Exercise data:

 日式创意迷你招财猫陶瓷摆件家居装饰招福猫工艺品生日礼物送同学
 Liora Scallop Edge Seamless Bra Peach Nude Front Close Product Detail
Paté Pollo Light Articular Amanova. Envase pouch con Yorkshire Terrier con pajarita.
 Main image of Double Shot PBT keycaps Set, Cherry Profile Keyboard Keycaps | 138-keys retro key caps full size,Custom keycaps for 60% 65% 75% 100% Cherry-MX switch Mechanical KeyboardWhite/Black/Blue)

...

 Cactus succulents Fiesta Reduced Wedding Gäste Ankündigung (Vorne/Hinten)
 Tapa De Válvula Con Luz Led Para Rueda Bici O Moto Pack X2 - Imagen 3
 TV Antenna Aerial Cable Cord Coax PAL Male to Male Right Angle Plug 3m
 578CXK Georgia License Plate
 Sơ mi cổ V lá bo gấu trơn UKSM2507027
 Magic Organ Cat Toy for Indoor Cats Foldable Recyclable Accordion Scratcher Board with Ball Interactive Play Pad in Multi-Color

* * *

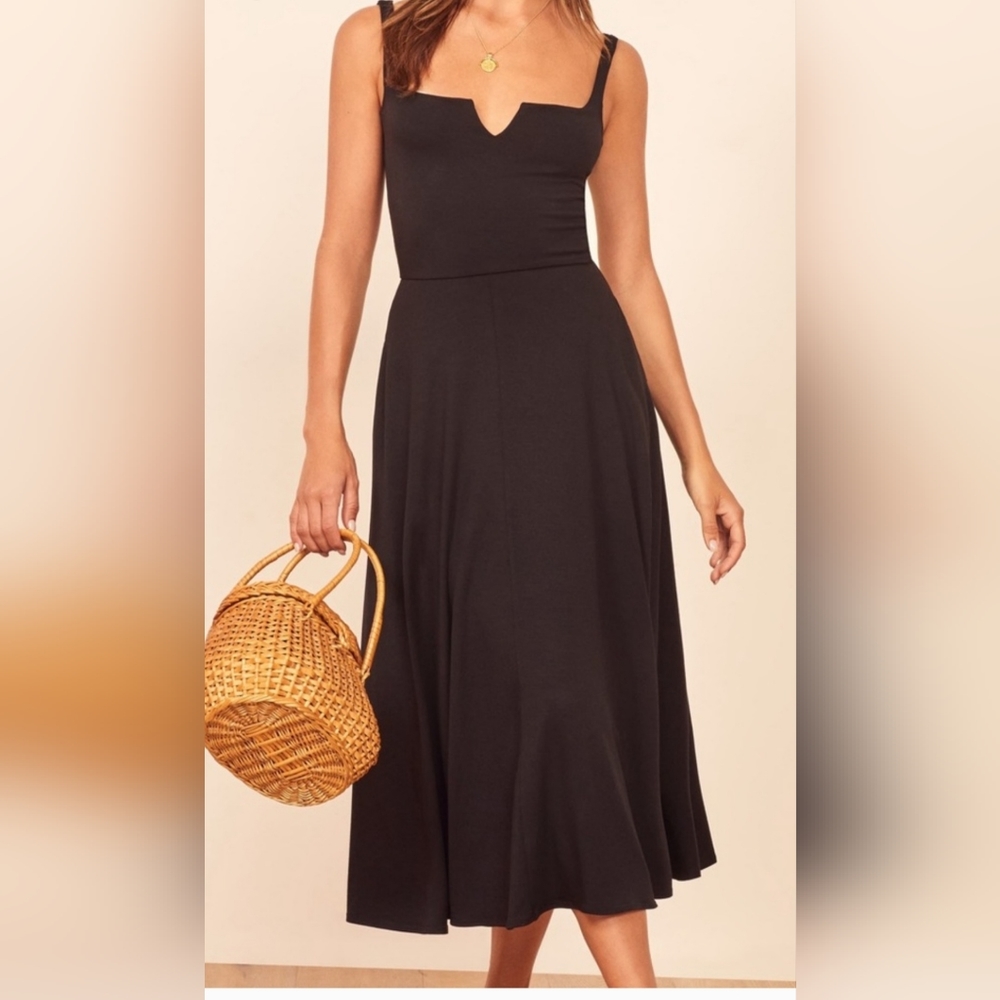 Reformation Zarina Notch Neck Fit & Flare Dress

Problem description: Transcribe the records above from the line holding "日式创意迷你招财猫陶瓷摆件家居装饰招福猫工艺品生日礼物送同学" down to the line holding "Paté Pollo Light", inclusive, without adding anything.

Finished exercise:
 日式创意迷你招财猫陶瓷摆件家居装饰招福猫工艺品生日礼物送同学
 Liora Scallop Edge Seamless Bra Peach Nude Front Close Product Detail
Paté Pollo Light Articular Amanova. Envase pouch con Yorkshire Terrier con pajarita.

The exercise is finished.